[RECORD SET — start]

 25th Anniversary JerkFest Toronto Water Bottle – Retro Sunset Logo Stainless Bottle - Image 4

[RECORD SET — finish]
[RECORD SET — start]

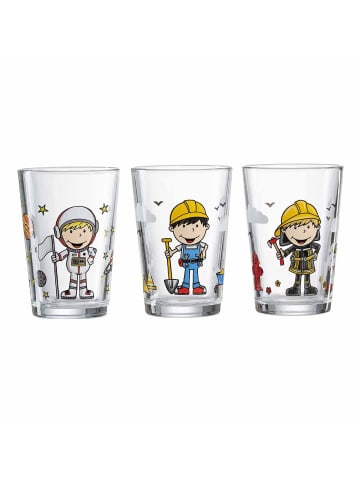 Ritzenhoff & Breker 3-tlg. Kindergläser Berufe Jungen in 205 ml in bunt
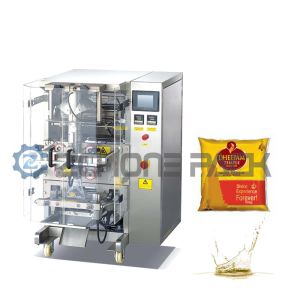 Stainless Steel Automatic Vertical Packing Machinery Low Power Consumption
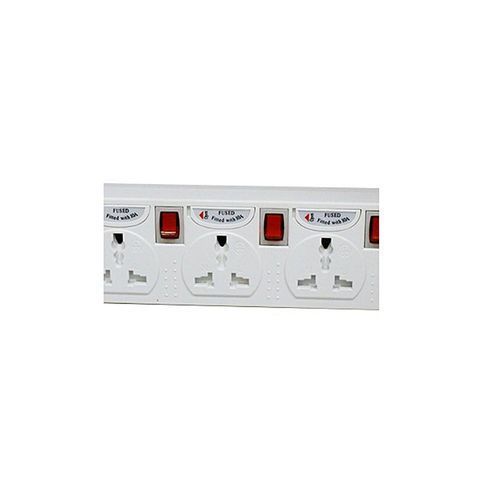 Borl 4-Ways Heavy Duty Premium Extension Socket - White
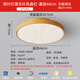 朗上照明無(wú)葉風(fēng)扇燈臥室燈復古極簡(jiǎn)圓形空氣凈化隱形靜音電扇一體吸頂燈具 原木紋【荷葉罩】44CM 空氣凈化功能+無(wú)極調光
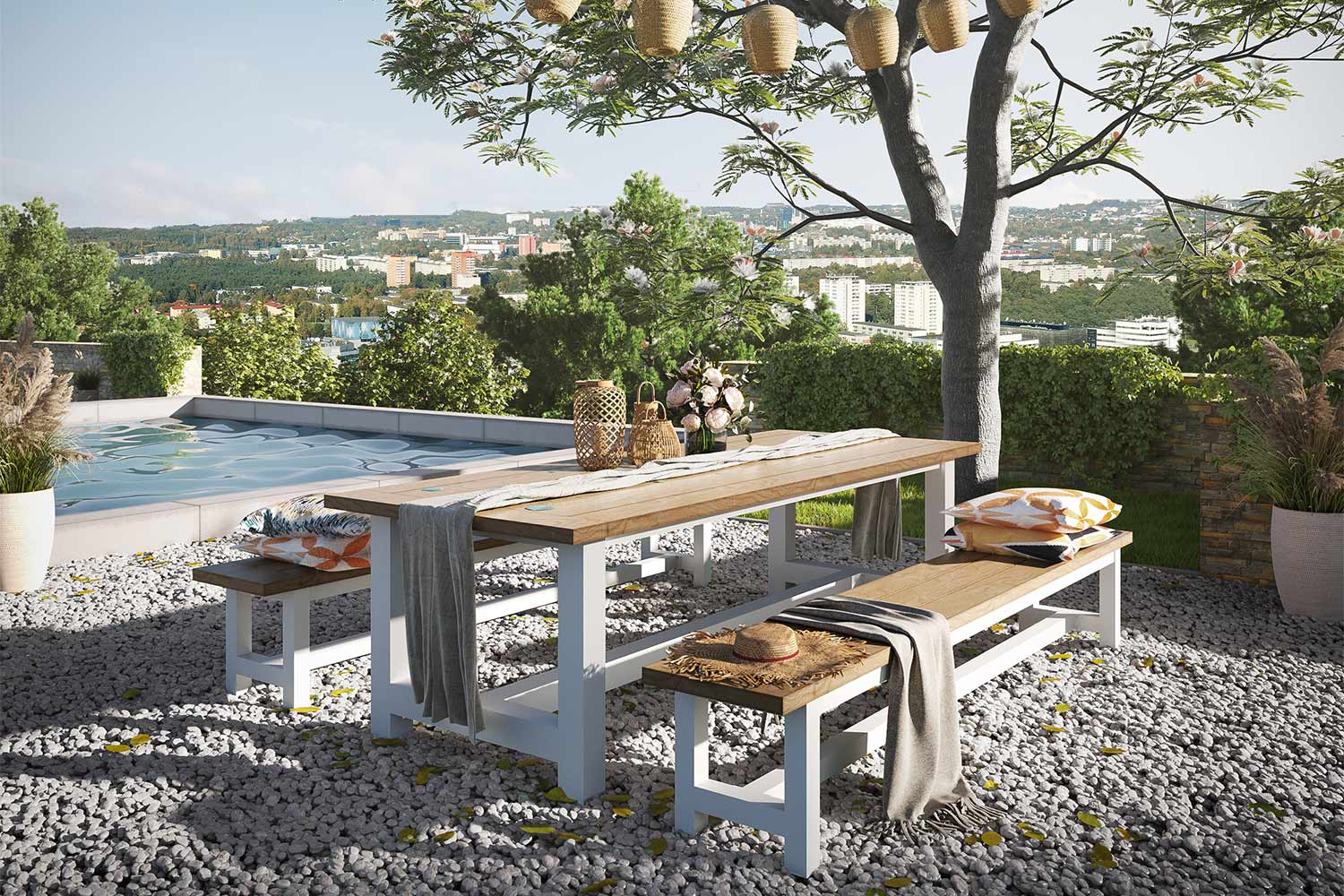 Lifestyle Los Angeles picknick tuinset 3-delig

[RECORD SET — finish]

> _YOUR INSTRUCTIONS_: Starting from the line with "Borl 4-Ways Heavy" in the records above, repeat each line exactly until you have written the line with "Lifestyle Los Angeles", then stop; drop the pictures.

> _OUTPUT FOR THIS EXERCISE_:
 Borl 4-Ways Heavy Duty Premium Extension Socket - White
 朗上照明無(wú)葉風(fēng)扇燈臥室燈復古極簡(jiǎn)圓形空氣凈化隱形靜音電扇一體吸頂燈具 原木紋【荷葉罩】44CM 空氣凈化功能+無(wú)極調光
 Lifestyle Los Angeles picknick tuinset 3-delig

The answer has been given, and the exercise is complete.